Here the poet tries to capture the sense of loss and destruction that fractures the otherwise stable life of his people. He delves into the world of music for metaphors to explain the dissonance that steals into the otherwise harmonious notes of the guitar that become "querulous" while the "tremulous notes of a shy tenor sax/reach beyond the courtyard..."

Like in Lindsay Barrett's ‘A Memory of Rivers' in which the singing river becomes angry, Ogbowei's poem points in the direction of how the injustice perpetrated against the long-suffering people of the Niger Delta will eventually lead to and "explode" in anger, with the people asking questions and demanding answers to their state of manumission amid much wealth. And such questions as will be asked will be hot and aggressive, calling for violent action where, assumedly, no answer is provided.

What follows this is that the former "paradise in the sun", the homeland of the people that has become jailhouses (p.28) that is full of strife (p.68-69) will slip into "savagery"; the river will become ravenous, "torrential muddy" and "shovels away/the caving shoreline" (‘patience's portly prince').

The can for such rape of a people's natural patrimony is laid squarely on the head of "the owl of owu", former President Olusegun Obasanjo, who is elsewhere in this collection (see ‘for gabriel okara' and ‘the leopard of owu') variously referenced and caricatured as the "the leopard of owu" and the "potbellied balogun", Balogun (the warrior) being Obasanjo's traditional chieftaincy title in Owu, his hometown.

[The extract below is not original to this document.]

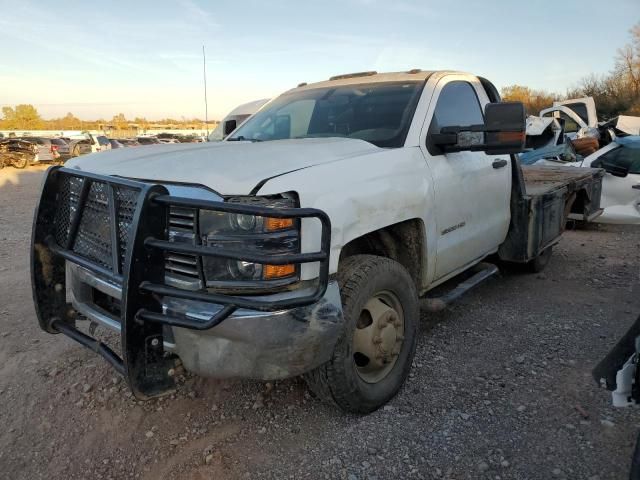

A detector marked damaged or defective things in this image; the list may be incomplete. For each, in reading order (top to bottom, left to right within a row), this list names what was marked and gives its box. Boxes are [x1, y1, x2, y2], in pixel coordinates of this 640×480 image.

wrecked vehicle [0, 137, 38, 169]
wrecked vehicle [31, 70, 604, 412]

In spite of their age and long experience ("hoary heads") as statesmen, the likes of Obasanjo are presented as lacking in wisdom and only good at fanning the embers of discord. "...the bawling infant's dream", the poet says "reveals hoary heads/dexterous drummers/dancing down a bruised boulevard/to discover a new dawn/in the mambo massage/where potbellied balogun/squanders police pension funds/on plump prostitutes." There is a hint of pun in the word ‘balogun' which might also be a reference to Tafa Balogun, the disgraced former Inspector General of Police convicted for misappropriation of funds.

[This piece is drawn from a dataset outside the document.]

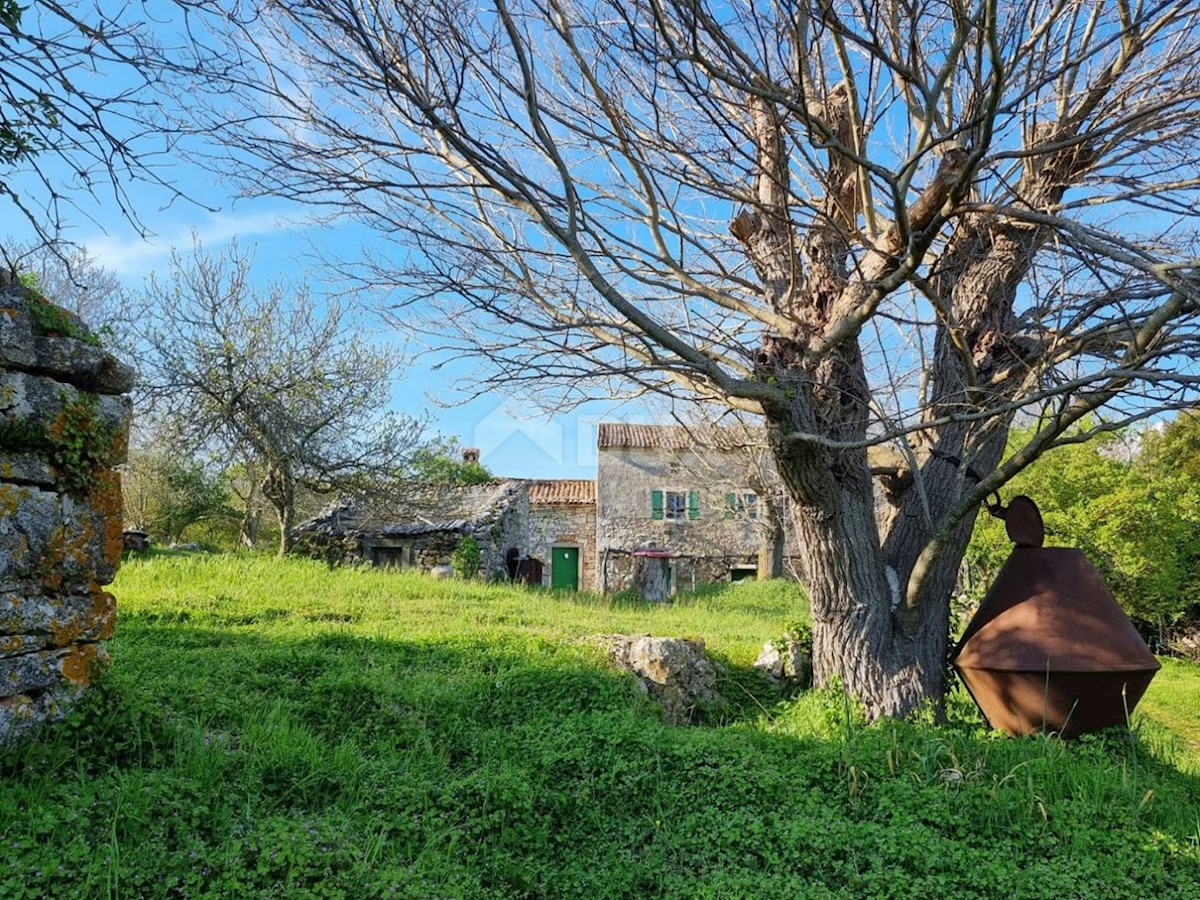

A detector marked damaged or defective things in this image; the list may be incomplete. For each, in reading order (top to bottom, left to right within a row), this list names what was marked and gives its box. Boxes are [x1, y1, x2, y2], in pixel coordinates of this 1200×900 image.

The overt political tone of Ogbowei's lines and their location in contemporary experience is given added resonance in ‘for jomo gbomo' (p.51 and references to other militant leaders like Asari Dokubo, Ateke Tom and Oronto Douglas, etc), the fire-eating spokesperson of the Movement for the Emancipation of the Niger-Delta or MEND, the umbrella body of the ‘reintegrated' militant groups of the troubled region.

Here the poet sees his people as "little foxes", mere fodder, yes - the proverbial grass that is caught and suffers in the crossfire ("this sport of kings"), between two elephants, in this wise MEND and the pacifying force of the Nigerian state. In spite of his support for the militant response of his people, the poet always manages to represent them as the little underdog faced with the wily, hectoring might of a repressive adversary, an enemy that is determined to ride roughshod over them.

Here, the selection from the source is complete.